Across the world of professional sports, the NHL occupies an almost unique position with its long-standing tradition of carving the name of every member of a Stanley Cup-winning team onto the trophy.

But as the senior citizen of major team sports trophies on this continent, first awarded in 1893 and passed from one winning team to another in perpetuity, it stands alone. The NFL, MLB and the NBA all commission new trophies from Tiffany & Co. each year, with the champion team getting to keep that season’s trophy.

The CFL has followed in the footsteps of the NHL with its Grey Cup, with winning team members getting their names etched on the Cup’s base, but most other sports across the world simply list the victorious entry – either team or individual – and leave it at that.

But that doesn’t mean there haven’t been one-time victors who, such as Brad Aldrich of the Chicago Blackhawks, have brought shame onto themselves and their sport.
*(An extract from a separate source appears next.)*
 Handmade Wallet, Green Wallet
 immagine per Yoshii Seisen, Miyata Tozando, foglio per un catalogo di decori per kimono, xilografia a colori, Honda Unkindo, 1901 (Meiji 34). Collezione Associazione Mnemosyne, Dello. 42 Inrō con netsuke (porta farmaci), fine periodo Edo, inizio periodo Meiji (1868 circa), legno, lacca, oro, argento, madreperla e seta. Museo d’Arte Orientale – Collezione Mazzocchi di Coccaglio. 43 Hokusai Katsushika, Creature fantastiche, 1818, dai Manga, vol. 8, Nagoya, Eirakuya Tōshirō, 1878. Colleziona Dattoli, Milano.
Chicago seeks revision to a tarnished trophy

Eagle’s out

Once the most powerful man in the hockey world, Alan Eagleson’s fall from grace was both swift and stunning. The former agent for Bobby Orr and the first executive director of the NHL Players’ Association was convicted of fraud and embezzlement in 1998, ultimately serving six months in jail. Under pressure from former players who questioned his continued inclusion in the Hall of Fame as a builder, Eagleson subsequently resigned the honour, becoming the first member of a North American pro sports hall of fame to do so.

Soccer shame

The Calciopoli scandal in Italian soccer broke out shortly before the 2006 World Cup, and while a number of teams were punished for the match fixing that took place, Juventus arguably paid the heaviest price. Italy’s most successful club domestically, Juve had two of its league titles erased from the Serie A ledger, and it was relegated to the second division. A similar scandal had broken out in France more than a decade earlier, when Olympique de Marseille owner Bernard Tapie was accused of trying to bribe opposition players to help his club to the French championship in 1993. While the team was stripped of its domestic league title, UEFA chose not to vacate the team’s Champions League win of the same year, despite banning Marseille from the following season’s competition.

Diamond disgrace

With two World Series rings, a string of Gold Glove awards and the first player to enter baseball’s Hall of Fame as a Toronto Blue Jay, Roberto Alomar is arguably the most accomplished athlete to play for Canada’s major-league franchise. But his name and the No. 12 jersey number that he wore with distinction throughout his MLB career were removed from the team’s Level of Excellence at Rogers Centre earlier this year. He is on the sport’s ineligible list after an allegation of sexual misconduct was brought against him and a subsequent investigation found that a violation of league policies had occurred.

Banishing the banisher

Almost 100 years after Kenesaw Mountain Landis banned eight members of the Chicago White Sox for their roles in throwing the 1919 World Series, baseball’s first commissioner was himself professionally outcast. Despite overseeing the sport of baseball for almost 25 years, no Black player was able to compete in the major leagues until 1947, three years after his departure, and his legacy included “documented racism,” according to an official MLB historian. Landis’s name and image had adorned the American League and National League most-valuable-player awards for more than 75 years, but last year 89 per cent of the Baseball Writers Association of America members voted to redesign the awards and remove any trace of Landis.

Hall of shame

The International Tennis Hall of Fame made history in 2016 when it expelled former Grand Slam doubles champion Bob Hewitt, following a conviction the year before for rape and sexual assault. Hewitt, a South African who won a career Grand Slam in both men’s and mixed doubles, became the first member of that hall to be banished, and both his plaque and any references to him were removed.